We only ever ask people to pay an amount that they have been assessed as being able to pay.
Third-party top-up fees … are extra charges required by some care homes which are usually paid by a family member … Often they are paid because someone wishes to move into a home which is more expensive than one the council is able to fully fund … In these cases, the contribution is usually the difference in fees.
- The Council’s letter accompanying the guide said, “To confirm, we have discussed the top up fee at [the care home] and you understand that this is covered by the family of [Mrs X]”.
- Mrs Y signed the guide and returned it to the Council. Mrs X went into the care home shortly afterwards (in mid-March).
- In late May the Council completed Mrs X’s support plan. It recorded that “there had been some issues with [the plan] on the system”.

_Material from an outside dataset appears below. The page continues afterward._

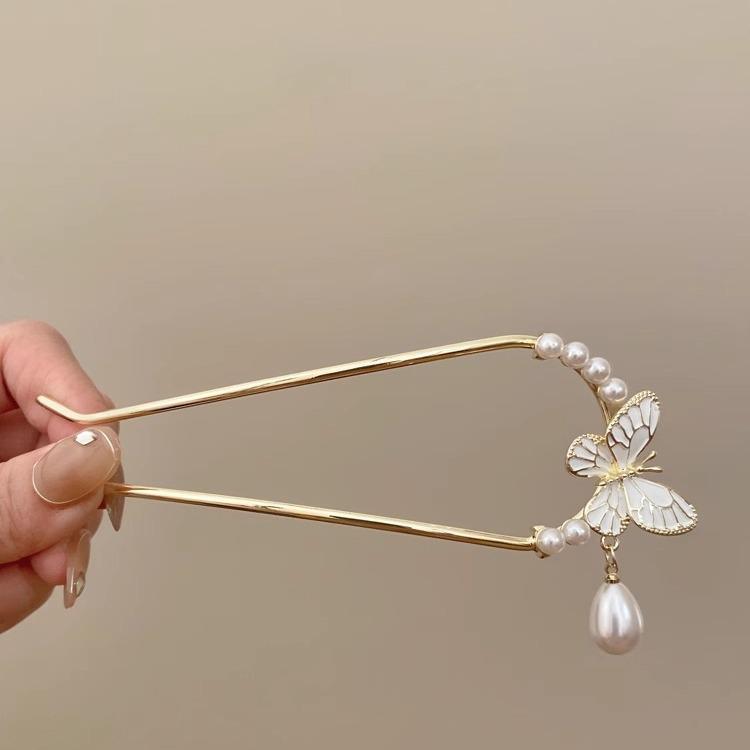 Gentle Butterfly Pearl Glaze Chinese U-Shaped Hairpin for Daily Wear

- Mrs Y says she did not receive the financial assessment forms until mid-July. The Council has no record of when it sent the forms.
- Mrs Y provided the completed forms at the end of July; however, the Council decided it needed more evidence from her. She provided this at the end of August and the Council completed its financial assessment in early September.
My findings
- The Council is entitled, under the Care Act and accompanying Regulations, to charge for care it arranges. If someone’s capital is below a certain amount, the Council should only charge them what they can afford out of their income.
- Although Mrs Y says the Council agreed to fund Mrs X’s placement, it told her beforehand that it expects people to pay towards their care if they can. It then completed a financial assessment and decided Mrs X could afford to contribute. As the law allows it to do this – and as it was explained in advance – there was no fault in how the Council charged Mrs X for her care.
- On balance, there does appear to have been a delay in sending the financial assessment forms to Mrs Y. I have based this on Mrs Y’s own account, the Council’s delay in finalising Mrs X’s support plan, and the lack of evidence to the contrary. This delay was fault by the Council.
- There was no financial injustice to Mrs X or Mrs Y, as they were liable to pay towards the cost of Mrs X’s care from March 2022 onwards anyway, regardless of when the Council completed the assessment. But it is likely that Mrs Y experienced distress when she received a bill which – because of the delay – was significantly higher than it would otherwise have been. The Council should provide her with a remedy for this distress.
- Although Mrs Y complains that the Council failed to properly explain third party top-ups to her in advance of Mrs X’s placement, I have considered the evidence provided by the Council and am of the view that it did enough to explain how
Mrs X’s top-up would work. So I have found no fault in this aspect of Mrs Y’s complaint.
Agreed actions
- Within two weeks, the Council has agreed to apologise to Mrs Y for its delay in sending out Mrs X’s financial assessment forms.
- Within six weeks, the Council has agreed to:
- make a symbolic payment of £150 to Mrs Y to recognise the distress she likely suffered from the delay; and
- provide the Ombudsman with an action plan to ensure similar delays do not happen in future.
- The Council has agreed to provide us with evidence it has completed these actions.
Final decision
- The Council was not at fault for how it explained and arranged Mrs X’s care charges. However, it was at fault for a delay in sending out her financial assessment forms.